La complessità del problema doveva risultare evidente a Salomone Rossi quando pubblicò i suoi Canti. Infatti, essi risultano assai più semplici e trasparenti dal punto di vista dell'intreccio polifonico delle voci, rispetto alle sue composizioni profane, perfettamente allineate allo stile madrigalistico del tardo Rinascimento. Nel tentativo di semplificare i nuovi canti e di renderne comprensibile il testo, Rossi cercò di evitare per quanto potè ripetizioni di parole e di frasi.

 

Nonostante ogni suo sforzo, tuttavia, il sogno della riforma del canto sinagogale urtava contro abitudini consolidate, la cui rottura implicava necessariamente modifiche di rilievo nella concezione stessa dell'ebraismo. Infatti, i Canti, per semplici che fossero, erano pur sempre in stile polifonico e venivano di conseguenza sottratti alla comunità per essere affidati a specialisti o in ogni caso a esecutori professionisti. Inoltre, la recitazione intonata della preghiera veniva profondamente alterata e il canto risultava scisso dall'andamento della frase, dal suo significato, che nel canto monodico tradizionale era tutt'uno con la frase musicale.
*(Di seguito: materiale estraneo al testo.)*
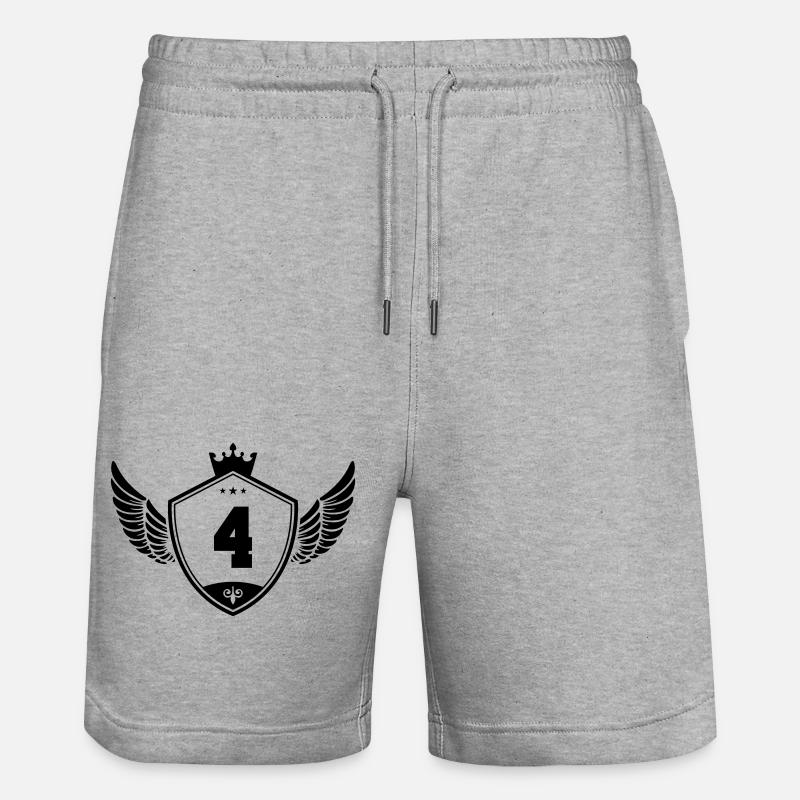 4 Couronne d’armoiries - Short de jogging bio TRAINER Stanley/Stella unisexe - gris chiné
Infine, nel tentativo di conservare le melodie tradizionali, il compositore si vide obbligato ad adattarle alla modalità e alle regole del contrappunto moderno, a realizzare, cioè, quelle modificazioni che rendessero gli antichi canti monodici armonizzabili secondo le regole della musica cristiana.

 

Il sogno d'integrazione che entusiasmò i musici ebrei attivi nelle corti dell'Italia settentrionale fu bruscamente interrotto dall'invasione delle truppe di Ferdinando II d'Austria e da un'epidemia di peste che mise a dura prova il ducato di Mantova nel 1628. Più di duemila ebrei furono allontanati dalla città e ai suoni dell' “ars‑nova” di Salomone Rossi non fu più permesso di riecheggiare tra le mura della sinagoga di Mantova.